DIRECTIONS: Please print exactly the lines from the one containing "Lisa Kudrow as" through the last line of the records, and only those. Leave out any pictures.

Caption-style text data
"""

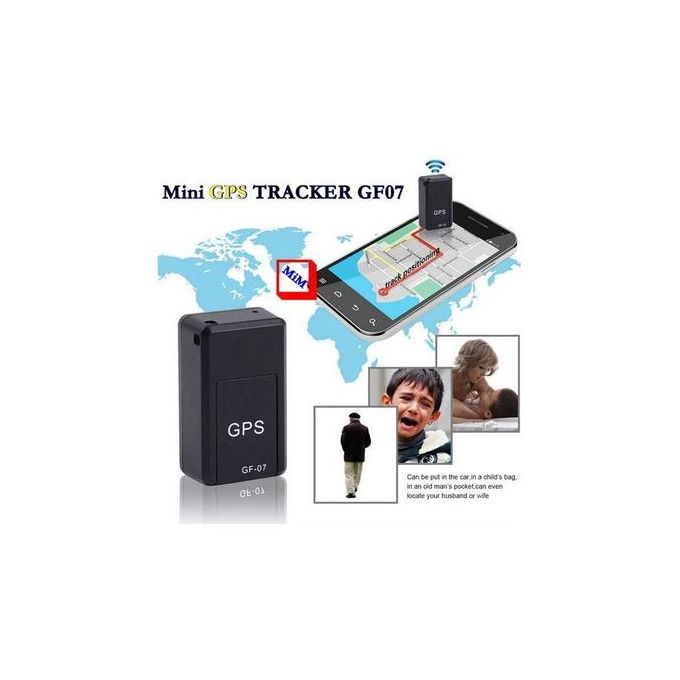 Generic GF07 enregistreur vocale Mini Micro GSM personnel à prix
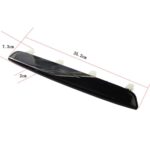 For Audi A3 8P RS3 2004-2012 Hatchback High Mounted Brake Light LED Third Brake Stop Lamp OE 8P4945097C - Imagen 3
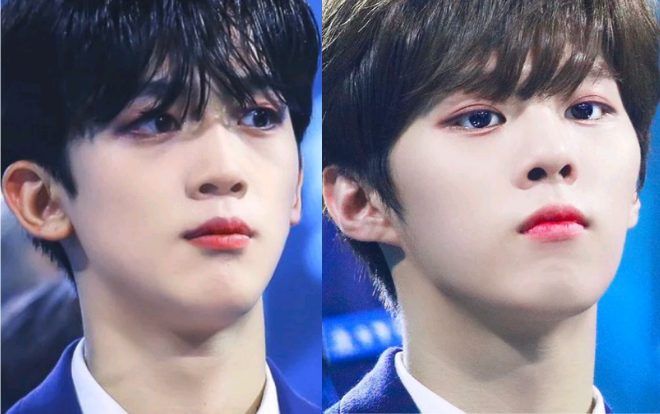 Những con số chứng minh Kim Yohan và Kim Wooseok là cái tên vàng của làng 'hot search'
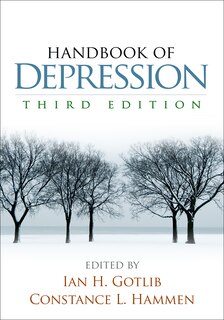 Couverture_Handbook Of Depression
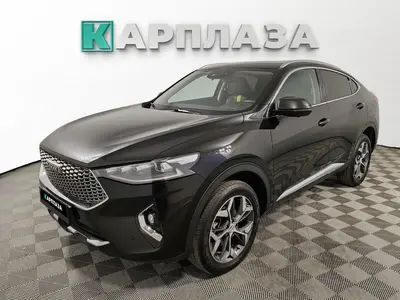 Haval F7x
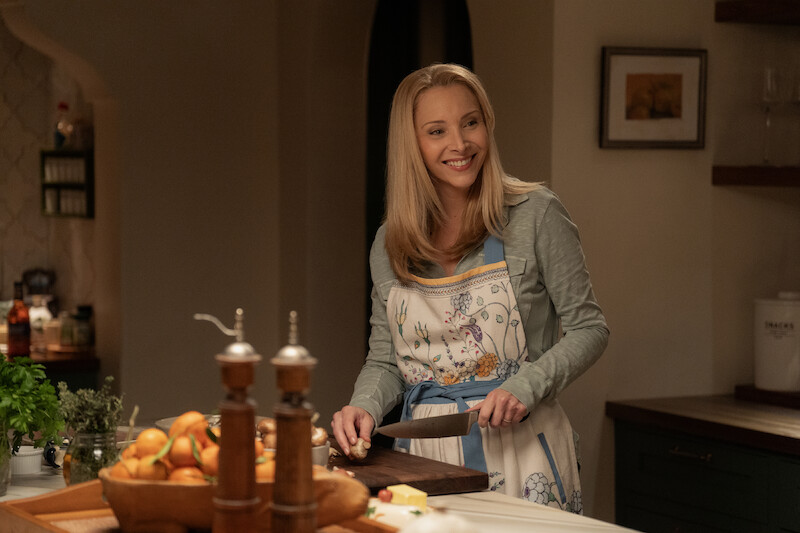Lisa Kudrow as Lydia in Season 1 of ‘No Good Deed’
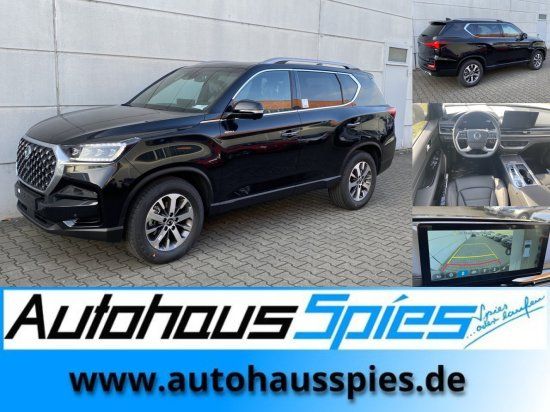 SsangYong REXTON 8.755 km 42.990 € Heilbronn 74076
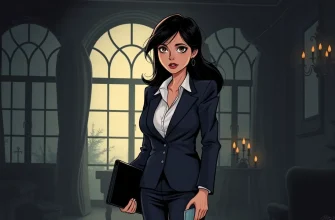 Películas de Terror con Mujeres de Negocios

"""

SOLUTION BELOW:
Lisa Kudrow as Lydia in Season 1 of ‘No Good Deed’
 SsangYong REXTON 8.755 km 42.990 € Heilbronn 74076
 Películas de Terror con Mujeres de Negocios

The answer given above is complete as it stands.